_Problem statement_
For each line in the records, produce an exact copy.

_Supplied material_
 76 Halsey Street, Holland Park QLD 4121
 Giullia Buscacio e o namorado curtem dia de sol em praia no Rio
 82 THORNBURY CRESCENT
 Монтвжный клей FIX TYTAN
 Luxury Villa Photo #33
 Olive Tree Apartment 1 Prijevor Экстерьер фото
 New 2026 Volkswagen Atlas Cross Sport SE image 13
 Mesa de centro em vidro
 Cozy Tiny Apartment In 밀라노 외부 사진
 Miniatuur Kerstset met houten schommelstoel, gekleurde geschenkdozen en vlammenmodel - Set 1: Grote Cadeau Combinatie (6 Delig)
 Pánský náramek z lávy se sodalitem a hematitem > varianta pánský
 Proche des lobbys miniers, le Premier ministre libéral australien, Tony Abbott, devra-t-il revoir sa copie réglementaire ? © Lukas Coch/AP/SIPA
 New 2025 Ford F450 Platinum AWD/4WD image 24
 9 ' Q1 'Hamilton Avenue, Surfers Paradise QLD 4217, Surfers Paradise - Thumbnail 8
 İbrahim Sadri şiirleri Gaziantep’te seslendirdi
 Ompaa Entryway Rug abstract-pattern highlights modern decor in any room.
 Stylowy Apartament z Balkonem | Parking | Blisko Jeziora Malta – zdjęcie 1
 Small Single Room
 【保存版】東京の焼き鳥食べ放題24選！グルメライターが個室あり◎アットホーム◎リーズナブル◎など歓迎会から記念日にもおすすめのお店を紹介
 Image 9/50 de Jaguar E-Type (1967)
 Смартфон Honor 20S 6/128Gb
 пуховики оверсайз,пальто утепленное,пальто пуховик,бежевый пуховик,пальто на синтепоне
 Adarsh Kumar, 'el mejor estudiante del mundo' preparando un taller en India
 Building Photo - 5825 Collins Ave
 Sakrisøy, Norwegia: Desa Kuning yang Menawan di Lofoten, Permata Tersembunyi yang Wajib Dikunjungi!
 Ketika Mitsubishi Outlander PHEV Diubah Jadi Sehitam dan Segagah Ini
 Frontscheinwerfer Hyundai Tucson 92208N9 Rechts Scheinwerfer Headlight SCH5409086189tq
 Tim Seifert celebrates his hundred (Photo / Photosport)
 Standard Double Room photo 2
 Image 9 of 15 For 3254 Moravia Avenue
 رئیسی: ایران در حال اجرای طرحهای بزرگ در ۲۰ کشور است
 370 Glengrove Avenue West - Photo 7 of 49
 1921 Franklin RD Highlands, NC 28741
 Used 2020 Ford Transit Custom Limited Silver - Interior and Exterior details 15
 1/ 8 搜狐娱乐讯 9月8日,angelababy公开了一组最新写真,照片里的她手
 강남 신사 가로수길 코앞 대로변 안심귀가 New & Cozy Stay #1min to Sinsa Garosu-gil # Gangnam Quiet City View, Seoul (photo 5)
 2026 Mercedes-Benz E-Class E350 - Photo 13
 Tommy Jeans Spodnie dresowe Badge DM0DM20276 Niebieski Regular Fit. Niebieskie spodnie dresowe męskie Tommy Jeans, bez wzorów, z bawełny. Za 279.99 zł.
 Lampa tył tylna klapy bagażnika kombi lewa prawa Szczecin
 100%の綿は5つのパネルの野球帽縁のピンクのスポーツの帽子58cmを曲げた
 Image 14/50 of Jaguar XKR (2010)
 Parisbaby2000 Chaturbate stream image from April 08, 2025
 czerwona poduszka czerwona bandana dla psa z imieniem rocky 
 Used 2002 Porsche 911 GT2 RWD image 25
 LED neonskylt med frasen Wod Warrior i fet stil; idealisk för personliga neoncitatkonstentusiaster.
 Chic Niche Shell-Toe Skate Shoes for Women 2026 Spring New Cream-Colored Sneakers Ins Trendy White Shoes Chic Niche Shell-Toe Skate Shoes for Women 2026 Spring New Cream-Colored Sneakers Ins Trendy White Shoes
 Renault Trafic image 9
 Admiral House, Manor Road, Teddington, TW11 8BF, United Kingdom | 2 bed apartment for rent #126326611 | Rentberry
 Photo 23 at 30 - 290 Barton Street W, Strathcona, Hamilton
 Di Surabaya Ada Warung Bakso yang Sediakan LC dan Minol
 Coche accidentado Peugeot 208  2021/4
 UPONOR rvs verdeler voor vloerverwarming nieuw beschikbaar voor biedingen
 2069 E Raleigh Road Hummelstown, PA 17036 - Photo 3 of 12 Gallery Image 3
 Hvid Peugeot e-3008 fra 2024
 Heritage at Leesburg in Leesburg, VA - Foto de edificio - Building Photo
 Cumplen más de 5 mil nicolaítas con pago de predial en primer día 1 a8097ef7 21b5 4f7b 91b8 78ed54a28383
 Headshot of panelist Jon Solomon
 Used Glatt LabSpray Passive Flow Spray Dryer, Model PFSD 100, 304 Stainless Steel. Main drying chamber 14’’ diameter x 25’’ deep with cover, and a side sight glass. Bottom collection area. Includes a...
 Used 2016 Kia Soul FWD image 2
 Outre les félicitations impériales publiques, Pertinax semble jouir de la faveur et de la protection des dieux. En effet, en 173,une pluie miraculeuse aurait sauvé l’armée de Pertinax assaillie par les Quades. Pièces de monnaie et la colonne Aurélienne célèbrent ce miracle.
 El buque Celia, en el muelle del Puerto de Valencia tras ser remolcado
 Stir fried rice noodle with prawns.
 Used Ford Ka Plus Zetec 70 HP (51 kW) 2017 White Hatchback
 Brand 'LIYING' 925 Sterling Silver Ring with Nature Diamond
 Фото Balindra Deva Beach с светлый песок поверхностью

_Task result_
 76 Halsey Street, Holland Park QLD 4121
 Giullia Buscacio e o namorado curtem dia de sol em praia no Rio
 82 THORNBURY CRESCENT
 Монтвжный клей FIX TYTAN
 Luxury Villa Photo #33
 Olive Tree Apartment 1 Prijevor Экстерьер фото
 New 2026 Volkswagen Atlas Cross Sport SE image 13
 Mesa de centro em vidro
 Cozy Tiny Apartment In 밀라노 외부 사진
 Miniatuur Kerstset met houten schommelstoel, gekleurde geschenkdozen en vlammenmodel - Set 1: Grote Cadeau Combinatie (6 Delig)
 Pánský náramek z lávy se sodalitem a hematitem > varianta pánský
 Proche des lobbys miniers, le Premier ministre libéral australien, Tony Abbott, devra-t-il revoir sa copie réglementaire ? © Lukas Coch/AP/SIPA
 New 2025 Ford F450 Platinum AWD/4WD image 24
 9 ' Q1 'Hamilton Avenue, Surfers Paradise QLD 4217, Surfers Paradise - Thumbnail 8
 İbrahim Sadri şiirleri Gaziantep’te seslendirdi
 Ompaa Entryway Rug abstract-pattern highlights modern decor in any room.
 Stylowy Apartament z Balkonem | Parking | Blisko Jeziora Malta – zdjęcie 1
 Small Single Room
 【保存版】東京の焼き鳥食べ放題24選！グルメライターが個室あり◎アットホーム◎リーズナブル◎など歓迎会から記念日にもおすすめのお店を紹介
 Image 9/50 de Jaguar E-Type (1967)
 Смартфон Honor 20S 6/128Gb
 пуховики оверсайз,пальто утепленное,пальто пуховик,бежевый пуховик,пальто на синтепоне
 Adarsh Kumar, 'el mejor estudiante del mundo' preparando un taller en India
 Building Photo - 5825 Collins Ave
 Sakrisøy, Norwegia: Desa Kuning yang Menawan di Lofoten, Permata Tersembunyi yang Wajib Dikunjungi!
 Ketika Mitsubishi Outlander PHEV Diubah Jadi Sehitam dan Segagah Ini
 Frontscheinwerfer Hyundai Tucson 92208N9 Rechts Scheinwerfer Headlight SCH5409086189tq
 Tim Seifert celebrates his hundred (Photo / Photosport)
 Standard Double Room photo 2
 Image 9 of 15 For 3254 Moravia Avenue
 رئیسی: ایران در حال اجرای طرحهای بزرگ در ۲۰ کشور است
 370 Glengrove Avenue West - Photo 7 of 49
 1921 Franklin RD Highlands, NC 28741
 Used 2020 Ford Transit Custom Limited Silver - Interior and Exterior details 15
 1/ 8 搜狐娱乐讯 9月8日,angelababy公开了一组最新写真,照片里的她手
 강남 신사 가로수길 코앞 대로변 안심귀가 New & Cozy Stay #1min to Sinsa Garosu-gil # Gangnam Quiet City View, Seoul (photo 5)
 2026 Mercedes-Benz E-Class E350 - Photo 13
 Tommy Jeans Spodnie dresowe Badge DM0DM20276 Niebieski Regular Fit. Niebieskie spodnie dresowe męskie Tommy Jeans, bez wzorów, z bawełny. Za 279.99 zł.
 Lampa tył tylna klapy bagażnika kombi lewa prawa Szczecin
 100%の綿は5つのパネルの野球帽縁のピンクのスポーツの帽子58cmを曲げた
 Image 14/50 of Jaguar XKR (2010)
 Parisbaby2000 Chaturbate stream image from April 08, 2025
 czerwona poduszka czerwona bandana dla psa z imieniem rocky 
 Used 2002 Porsche 911 GT2 RWD image 25
 LED neonskylt med frasen Wod Warrior i fet stil; idealisk för personliga neoncitatkonstentusiaster.
 Chic Niche Shell-Toe Skate Shoes for Women 2026 Spring New Cream-Colored Sneakers Ins Trendy White Shoes Chic Niche Shell-Toe Skate Shoes for Women 2026 Spring New Cream-Colored Sneakers Ins Trendy White Shoes
 Renault Trafic image 9
 Admiral House, Manor Road, Teddington, TW11 8BF, United Kingdom | 2 bed apartment for rent #126326611 | Rentberry
 Photo 23 at 30 - 290 Barton Street W, Strathcona, Hamilton
 Di Surabaya Ada Warung Bakso yang Sediakan LC dan Minol
 Coche accidentado Peugeot 208  2021/4
 UPONOR rvs verdeler voor vloerverwarming nieuw beschikbaar voor biedingen
 2069 E Raleigh Road Hummelstown, PA 17036 - Photo 3 of 12 Gallery Image 3
 Hvid Peugeot e-3008 fra 2024
 Heritage at Leesburg in Leesburg, VA - Foto de edificio - Building Photo
 Cumplen más de 5 mil nicolaítas con pago de predial en primer día 1 a8097ef7 21b5 4f7b 91b8 78ed54a28383
 Headshot of panelist Jon Solomon
 Used Glatt LabSpray Passive Flow Spray Dryer, Model PFSD 100, 304 Stainless Steel. Main drying chamber 14’’ diameter x 25’’ deep with cover, and a side sight glass. Bottom collection area. Includes a...
 Used 2016 Kia Soul FWD image 2
 Outre les félicitations impériales publiques, Pertinax semble jouir de la faveur et de la protection des dieux. En effet, en 173,une pluie miraculeuse aurait sauvé l’armée de Pertinax assaillie par les Quades. Pièces de monnaie et la colonne Aurélienne célèbrent ce miracle.
 El buque Celia, en el muelle del Puerto de Valencia tras ser remolcado
 Stir fried rice noodle with prawns.
 Used Ford Ka Plus Zetec 70 HP (51 kW) 2017 White Hatchback
 Brand 'LIYING' 925 Sterling Silver Ring with Nature Diamond
 Фото Balindra Deva Beach с светлый песок поверхностью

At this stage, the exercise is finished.